## Work instructions
Beginning with the line that contains "If you enjoy", copy each subsequent line of the data below through the last one, including both ends but not the pictures.

[Stored items]
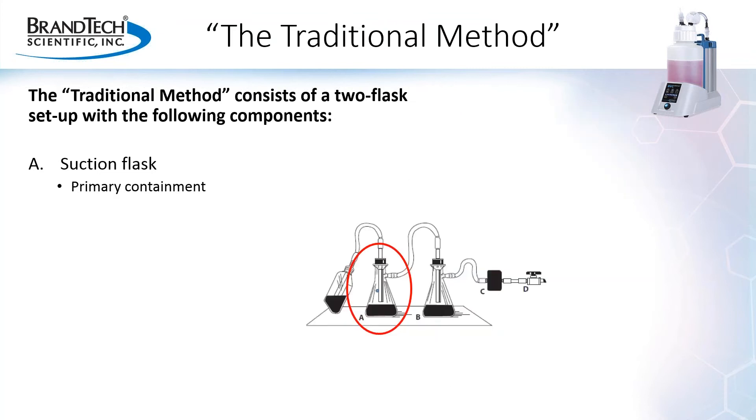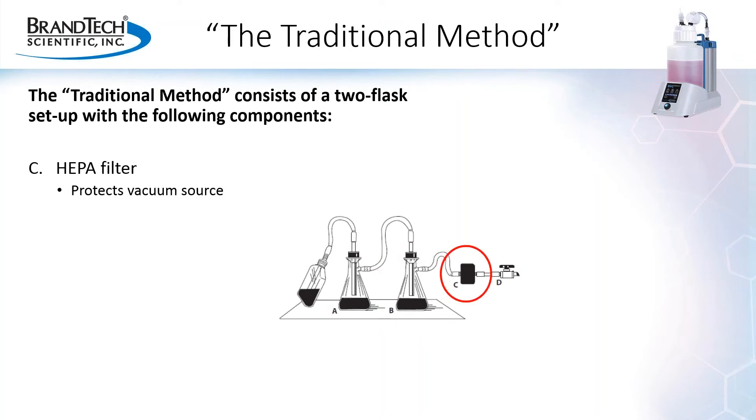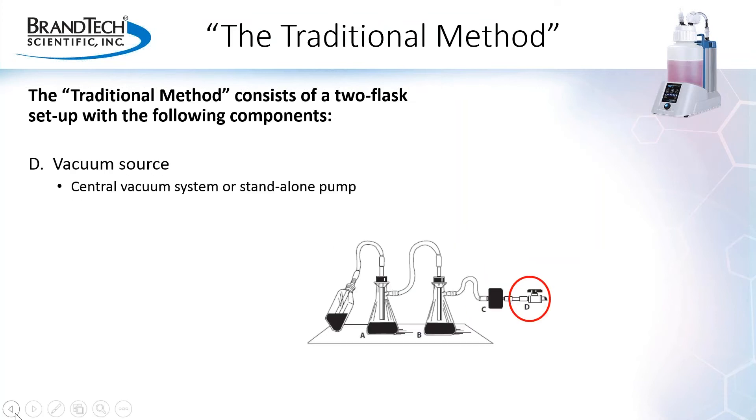The purpose of the suction flask, A, is to provide primary containment of the aspirated liquid, while the overflow flask, as the name implies, is for backup protection or secondary containment in case the suction flask overfills. The HEPA filter is recommended in line between the flasks and the vacuum source to protect the vacuum source from biohazards, mainly aerosols that can be produced during the aspiration process. And the vacuum source, which can be either a central vacuum system or a standalone pump, provides the vacuum that allows the process to happen.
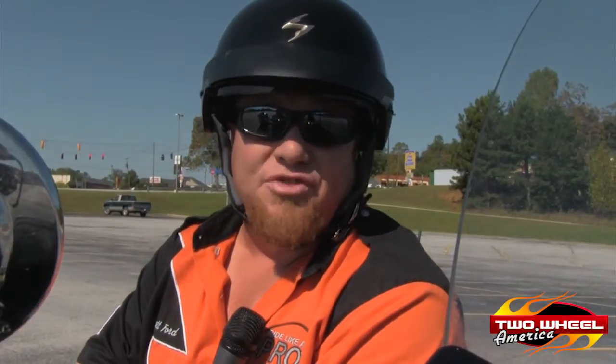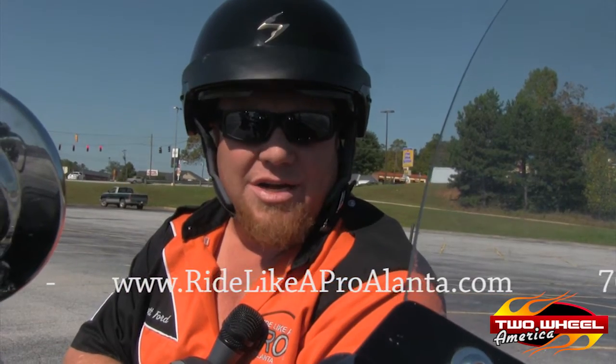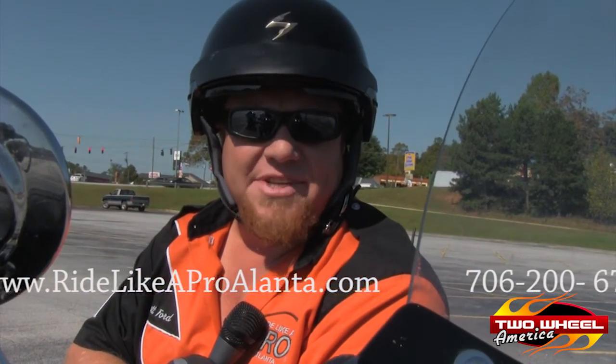It's also allowing you to know how far down you are and that your bike is about to reach maximum lean angle. If you have trouble getting to maximum lean angle and scraping your boards, you may want to take my class. You can find out more information about my advanced rider skills class at RideLikeAProAtlanta.com or you can contact me at 706-200-6700.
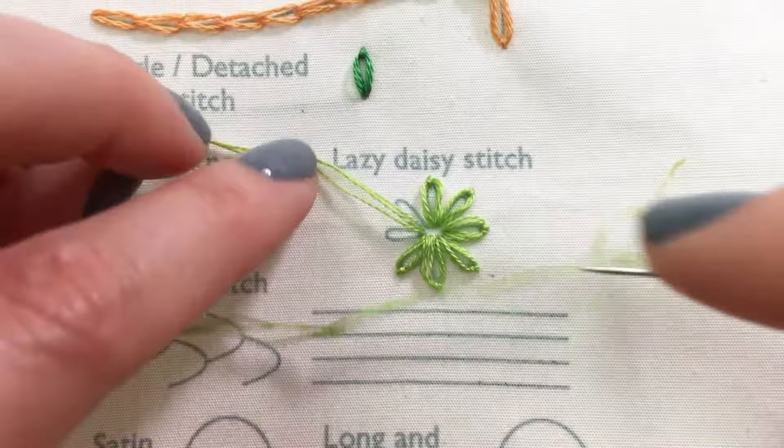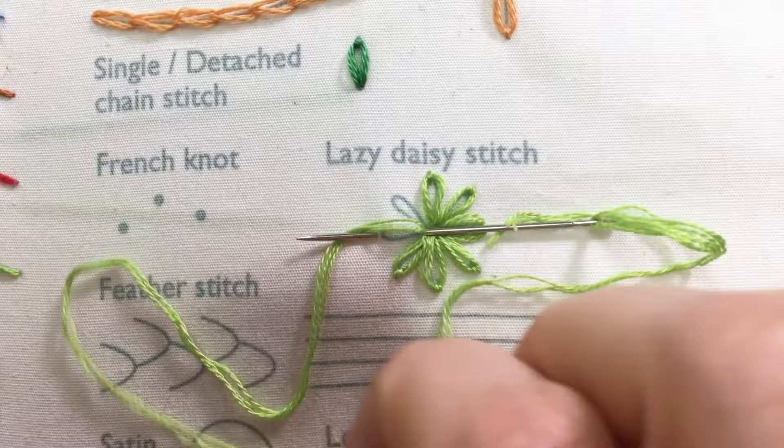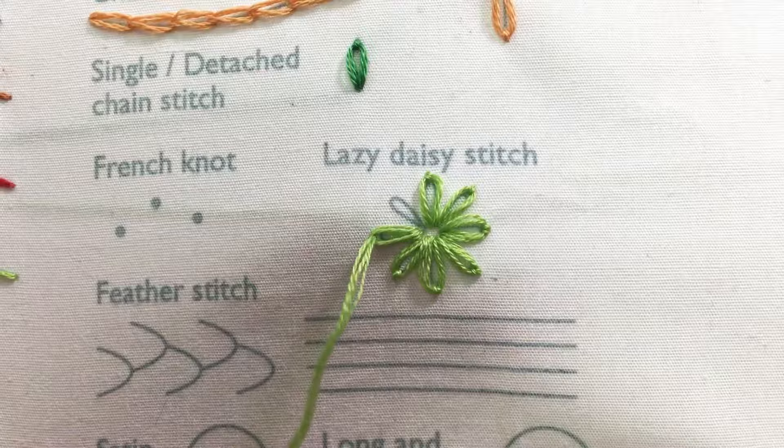Another way to make a stitch is by going in and out from the point to the apex of the loop in the same motion. Put the thread behind the needle, then pull the needle through. Make your anchor stitch to hold the loop in place. Continue until your flower is done.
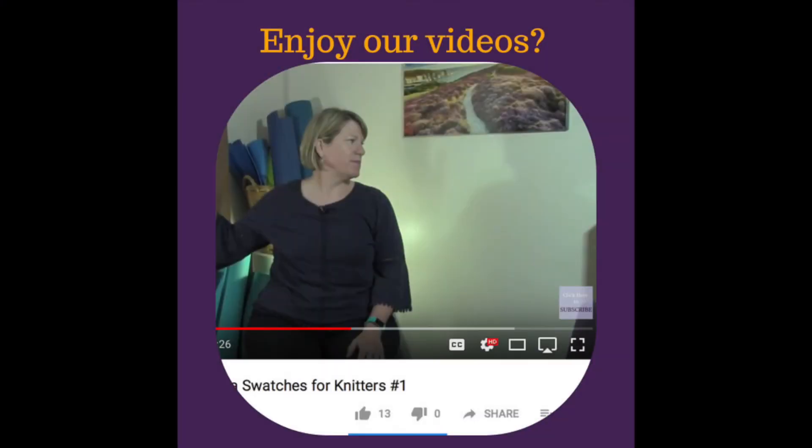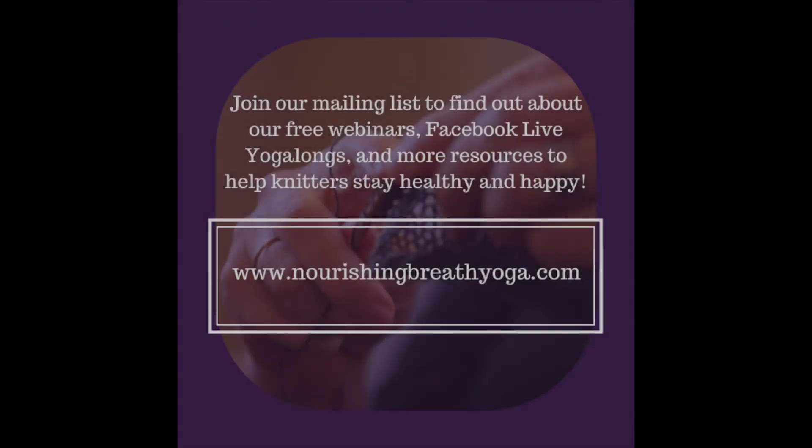If you enjoy our videos, please be sure to like, share, and subscribe. Join our mailing list to find out about our free webinars, Facebook Live yoga sessions, and more resources to help knitters stay healthy and happy at www.nourishingbreathyoga.com.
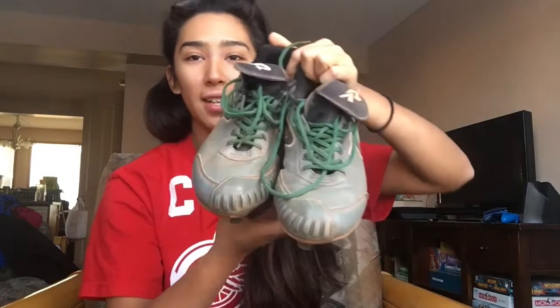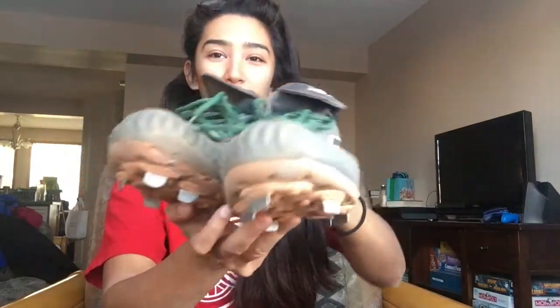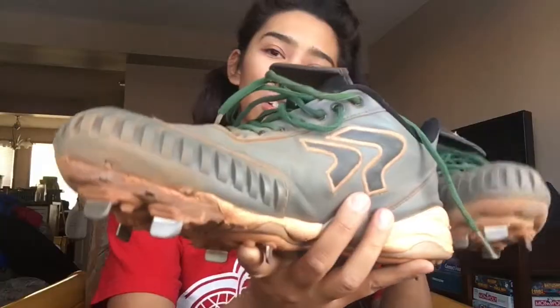For my other pair of Ringers, I got the Diamond Bandit 2 in gray and black — this is what they look like. I also got it with the pitching toe for pitching. These were my second pair of metal cleats last season because, like I said, they're cheaper to buy in the States than to ship to Canada because of all the exchange rate and everything.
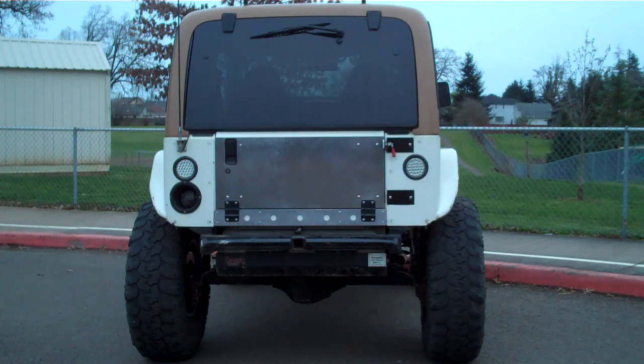The Flatback kit consists of two aluminum panels made out of 3/16ths. It is shipped raw, so it's up to you to paint, powder coat, polish, or leave as is.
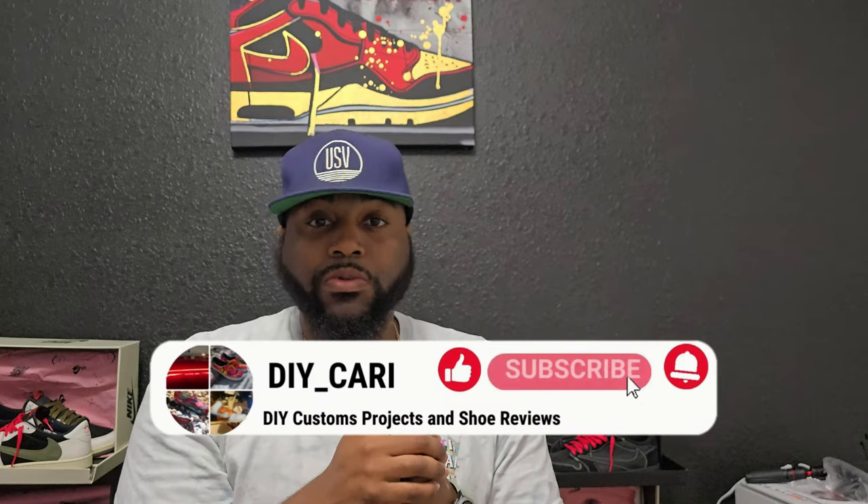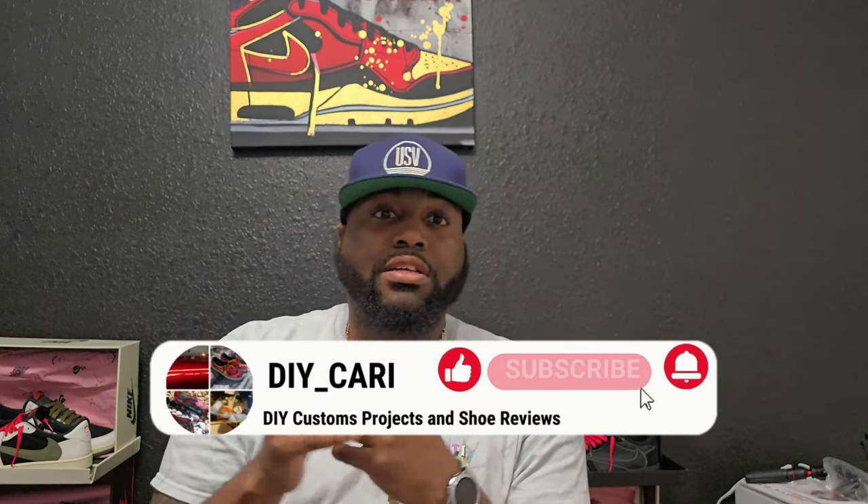That is gonna be my review on these LV Trainers in navy and white. Thanks again to Ye Kicks for sending these out, really appreciate y'all. This is gonna be your boy DIY Carrie signing out — make sure y'all like, comment, subscribe. And before I forget: these do fit true to size, so get your size — if you're a Euro 44 that's a size 10, Euro 45 is a size 11.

## Response area
If you enjoy our videos, please be sure to like, share, and subscribe. Join our mailing list to find out about our free webinars, Facebook Live yoga sessions, and more resources to help knitters stay healthy and happy at www.nourishingbreathyoga.com.
For my other pair of Ringers, I got the Diamond Bandit 2 in gray and black — this is what they look like. I also got it with the pitching toe for pitching. These were my second pair of metal cleats last season because, like I said, they're cheaper to buy in the States than to ship to Canada because of all the exchange rate and everything.
The Flatback kit consists of two aluminum panels made out of 3/16ths. It is shipped raw, so it's up to you to paint, powder coat, polish, or leave as is.
That is gonna be my review on these LV Trainers in navy and white. Thanks again to Ye Kicks for sending these out, really appreciate y'all. This is gonna be your boy DIY Carrie signing out — make sure y'all like, comment, subscribe. And before I forget: these do fit true to size, so get your size — if you're a Euro 44 that's a size 10, Euro 45 is a size 11.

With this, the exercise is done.